Dr Nephtali Marina-Gonzalez, a cardiovascular neuroscientist based in the UCL Department of Clinical Pharmacology, gave a guest lecture on July 3 titled ‘Astroglial Control of Sympathetic Drive: Role in the Pathogenesis of Heart Faillure and Neurogenic Hypertension’.

Increased activity of the sympathetic nervous system is intimately linked to the development and progression of chronic heart failure and essential hypertension. The hypothalamic and brainstem neuronal networks responsible for the sympathetic control of cardiovascular activities have been extensively studied. However, no attention has been paid to the modulatory role played by their non-neuronal neighbours. Recent evidence shows that astrocytes, the most abundant type of glial cells, are involved in the central mechanisms which maintain cardio-respiratory homeostasis. Using in vitro and in vivo models we tested two hypotheses: (1) activated brainstem astroglia release (glio)transmitters (ATP) and via release of ATP activate sympathoexcitatory neurones of the rostral ventrolateral medulla (RVLM); and (2) ATP actions in the RVLM contribute to sympathoexcitation and development of heart failure secondary to myocardial infarction and neurogenic hypertension.

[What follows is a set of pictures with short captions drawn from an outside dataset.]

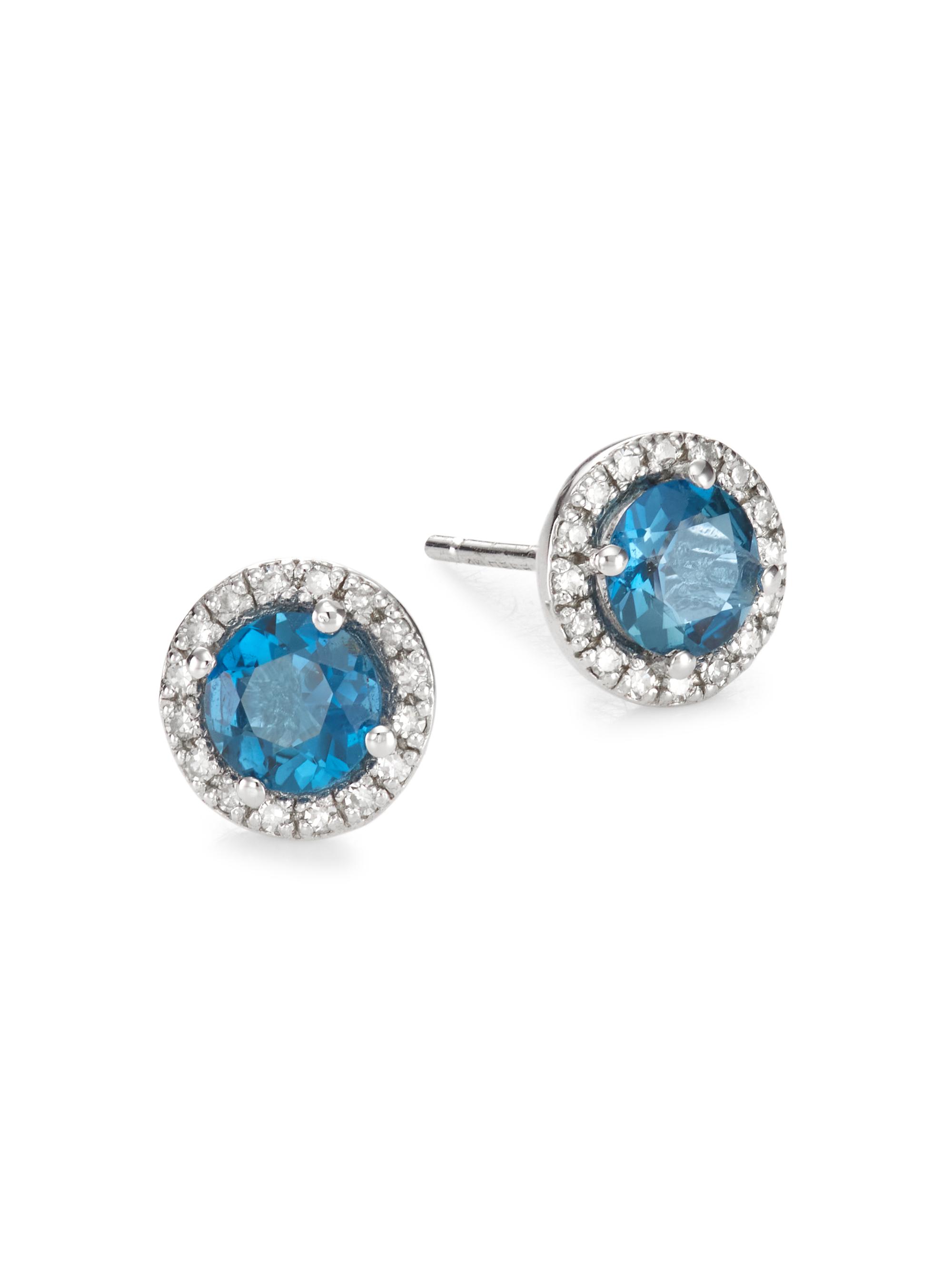 Saks Fifth Avenue Collection Women's 14K White Gold, London Blue Topaz & Diamond Round Stud Earrings - Blue Topaz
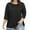 Black, variant on Plus Size Solid Color Women's 3/4 Sleeve T Shirt Nylon/Spandex, Soft, Breathable, Versatile, Multiple Sizes for Daily Wear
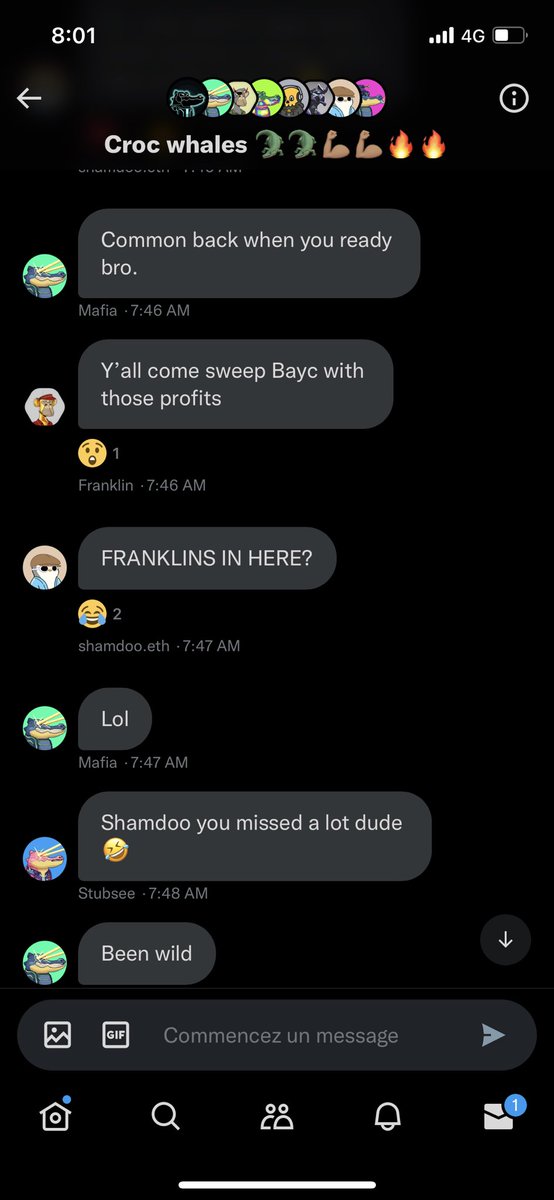 Some croc whales late night gossip..
<a href="/TheShamdoo/">shamdoo</a> on his flipping arc but still holding 30 <a href="/acrocalypseNFT/">Acrocalypse</a> and buying more soon 🚀🚀🔥
<a href="/Degennft3/">Mafia ⚡️</a> and @Kstubs4 being gays
<a href="/franklinisbored/">Franklin</a> receiving a croc gift from <a href="/BattinBrad/">bradbattin</a> 👀👀🚀🚀🐊🐊🐊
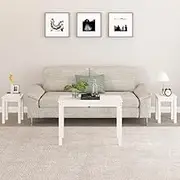 Nesting Coffee Table, Set of 3 End Tables for Living Room, Stacking Side Tables, White Solid Wood Pine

In vitro, optogenetic activation of astrocytes residing in the RVLM evokes the release of ATP which acts locally, increasing the excitability of bulbospinal sympathoexcitatory neurones. In vivo, astrogilal cell activation produced robust elevations in renal sympathetic activity and arterial blood pressure (ABP) in anaesthetised rats. To determine whether increased ATP tone in the RVLM underlies the abnormal sympathoexcitation in chronic heart failure and hypertension, we recently developed a lentiviral vector to express a potent ectonucleotidase—transmembrane prostatic acid phosphatase (TMPAP), the effect of which is to promote extracellular breakdown of ATP. In rats with myocardial infarction-induced heart failure, expression of TMPAP bilaterally in the RVLM led to lower plasma noradrenaline concentration, maintained left ventricular end diastolic pressure, attenuated decline in dP/dT (max) and shifted the LV pressure-volume relationship curve to the left. In a similar fashion, spontaneously hypertensive rats (SHRs) transduced to express TMPAP in the RVLM showed a significant reductions in ABP. These results show that activated RVLM astrocytes are capable of increasing sympathetic activity via release of ATP while facilitated breakdown of ATP in the RVLM attenuates both the progression of LV remodelling and heart failure secondary to myocardial infarction and the development of neurogenic hypertension.